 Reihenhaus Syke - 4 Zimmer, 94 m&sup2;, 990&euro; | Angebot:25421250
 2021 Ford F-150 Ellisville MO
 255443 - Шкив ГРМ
------
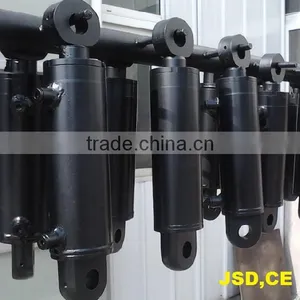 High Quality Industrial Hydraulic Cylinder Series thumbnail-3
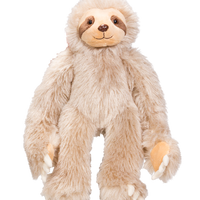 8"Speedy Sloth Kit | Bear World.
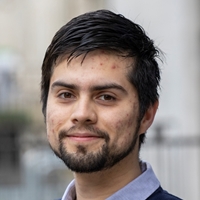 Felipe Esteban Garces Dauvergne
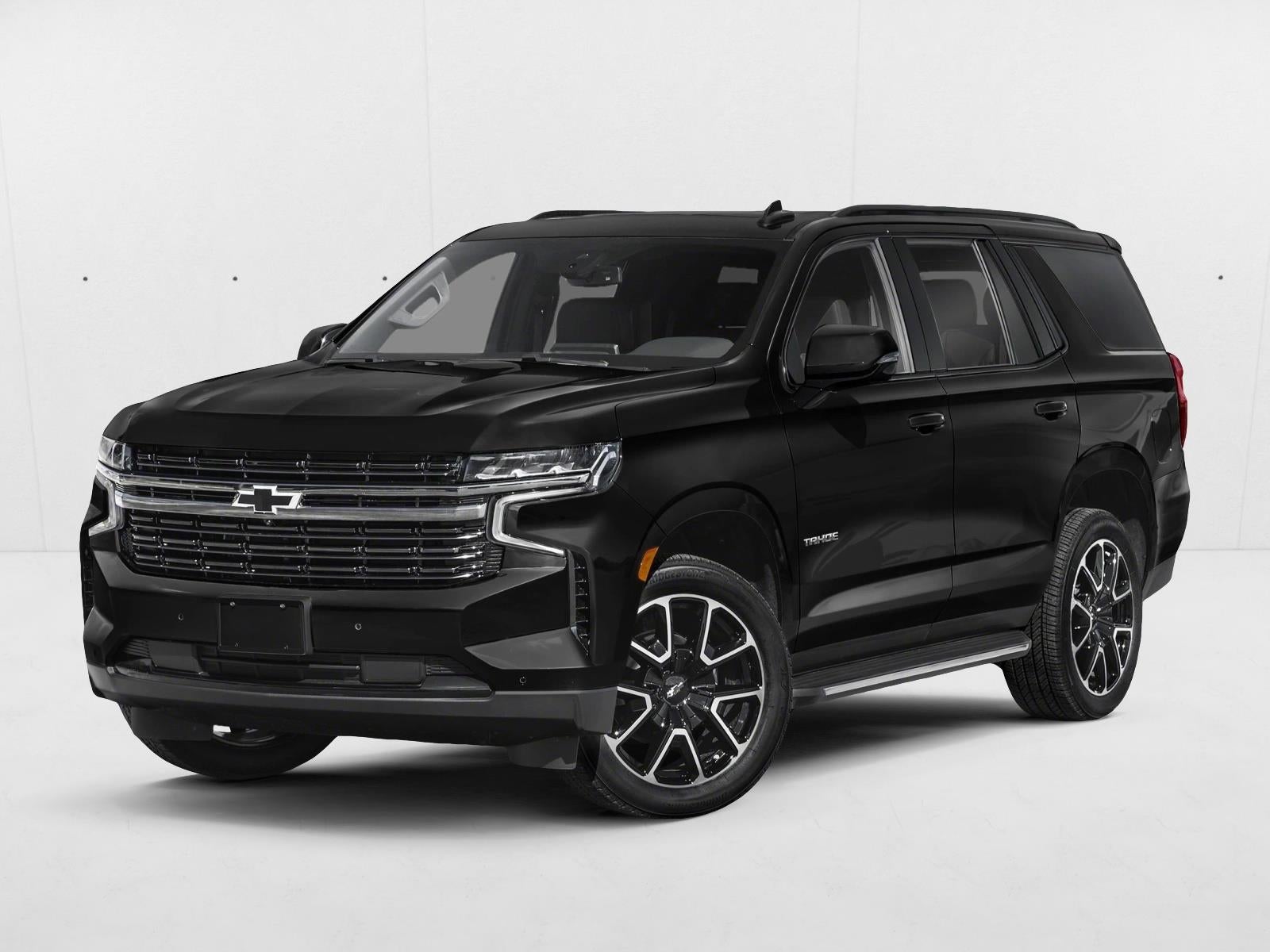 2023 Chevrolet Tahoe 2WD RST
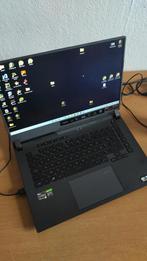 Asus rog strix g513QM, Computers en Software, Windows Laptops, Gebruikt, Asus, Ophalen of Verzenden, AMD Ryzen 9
------
● WORK TASK:
In the entries above, restate word for word the lines between the one holding "Reihenhaus Syke - 4" and the one holding "255443 - Шкив ГРМ", inclusive, and nothing besides.

● TASK RESPONSE:
 Reihenhaus Syke - 4 Zimmer, 94 m&sup2;, 990&euro; | Angebot:25421250
 2021 Ford F-150 Ellisville MO
 255443 - Шкив ГРМ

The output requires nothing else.